Czy seniorzy i osoby niepełnosprawne powinny otrzymywać pomoc na dostosowanie mieszkań do ich potrzeb?

Podczas czwartej już edycji warsztatów "Projektowanie Uniwersalne - jak żyć razem, nie obok siebie" grupa studentów Wydziału Architektury Politechniki Gdańskiej spotka się z seniorami i osobami niepełnosprawnymi, żeby przedyskutować problemy z dostosowaniem mieszkania czy domu do ich zmieniających się z wiekiem potrzeb. Na przestrzeni kilku ostatnich lat z pomocy przyszłych architektów zdążyło skorzystać kilkadziesiąt osób.

Jakie mieszkanie powinien mieć senior?

- Niepełnosprawność i podeszły wiek często wymagają przeprojektowania mieszkania bądź domu tak, żeby można było w nim funkcjonować pomimo ograniczeń ruchowych, kłopotów ze wzrokiem czy słuchem. Celem warsztatów jest wskazanie możliwości takiej aranżacji mieszkania, żeby spełniało wymogi dostępności - tłumaczy dr Marek Wysocki, koordynator projektu.
W organizację warsztatów zaangażowali się również pracownicy Miejskiego Ośrodka Pomocy Rodzinie w Gdańsku oraz Miejskiego Ośrodka Pomocy Społecznej w Gdyni. Do placówek często zgłaszają się seniorzy i niepełnosprawni, którzy napotykają na trudności związane z niedostosowanym do ich potrzeb mieszkaniem.

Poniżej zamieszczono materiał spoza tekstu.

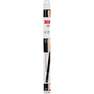 GEOLOGIC - Club 700 American Pool Cue In 2 Parts 1/2 Jointed,White
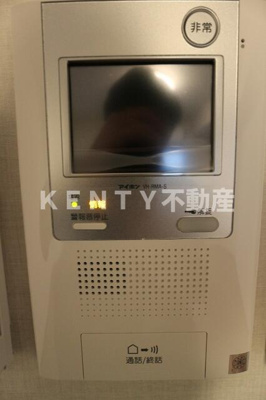 【セキュリティ】 | ＤＩＰＳ南六郷 | 別部屋参考画像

- Skarżą się m.in. na przeszkody w dostępie do łazienki, zbyt wysokie progi, trudności z dosięganiem do szafek, brakiem możliwości swobodnego przemieszczania się między poszczególnymi pomieszczeniami. Wprowadzenie udogodnień ma ogromne znaczenie dla poprawy komfortu życia osób starszych i niepełnosprawnych. Studenci, m.in. przy naszym wsparciu, pomagają usunąć uciążliwe bariery architektoniczne - tłumaczy Sylwia Ressel, rzeczniczka MOPR w Gdańsku.
Seniorzy dostają gotowe projekty, a studenci ćwiczą projektowanie

Jak przekonuje koordynator projektu, największym utrapieniem osób w podeszłym wieku i z niepełnosprawnościami pozostaje łazienka. I zazwyczaj właśnie od udoskonalenia rozwiązań w tym pomieszczeniu zaczyna się praca studentów z uczestnikami warsztatów. Zalety międzypokoleniowej współpracy chwalą sobie też młodzi adepci architektury, dla których praca z seniorami jest często pierwszym poważnym zawodowym wyzwaniem.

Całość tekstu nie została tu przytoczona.